La machacona letra lo repetía claramente y el sábado el jardín tuvo más espinas que rosas. No solo porque la apuesta española para Eurovisión otra vez ha sido incapaz de pulsar la tecla adecuada para hacerse con el festival, y van unas cuantas, sino porque el asunto de las votaciones, otra vez, ha sido bastante espinoso.
El norte recuerda. Y, por cierto, Galicia parece haberse desvinculado del festival de la canción después de lo que ocurrió con Tanxugueiras, porque ha tenido el dato de audiencia más bajo de todas las comunidades autónomas. Lo cierto es que es difícil olvidar lo que aconteció en aquel festival que sonó más a aldraxe que a otra cosa. Este fin de semana, las reverberaciones de aquella polémica han vuelto a alcanzar la sede del festival, Basilea.

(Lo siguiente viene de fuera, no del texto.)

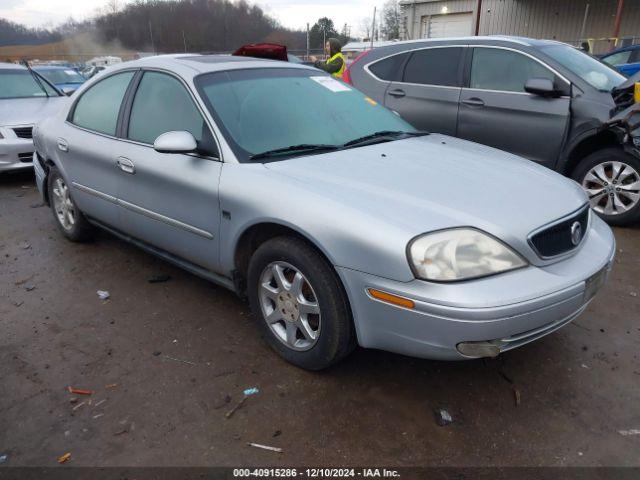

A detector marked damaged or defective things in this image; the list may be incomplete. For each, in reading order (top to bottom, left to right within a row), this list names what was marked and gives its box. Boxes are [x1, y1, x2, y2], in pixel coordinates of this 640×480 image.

damaged suv [344, 37, 640, 225]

Por mucho que se empeñen en separarlo, Eurovisión —como casi todo en la vida— es política. No, desde luego no hay mandatarios sentándose a la mesa para tomar decisiones, pero el soft power está impreso en el ADN del festival, que camina por un sendero de espinas desde que se le han señalado las costuras. Por qué se expulsa a unos países y no a otros, o por qué la actuación de Israel fue recibida con abucheos, lanzada a la fosa de la irrelevancia por los jurados y posteriormente elevada a los primeros puestos por el televoto es una incógnita que quizá no se despeje nunca.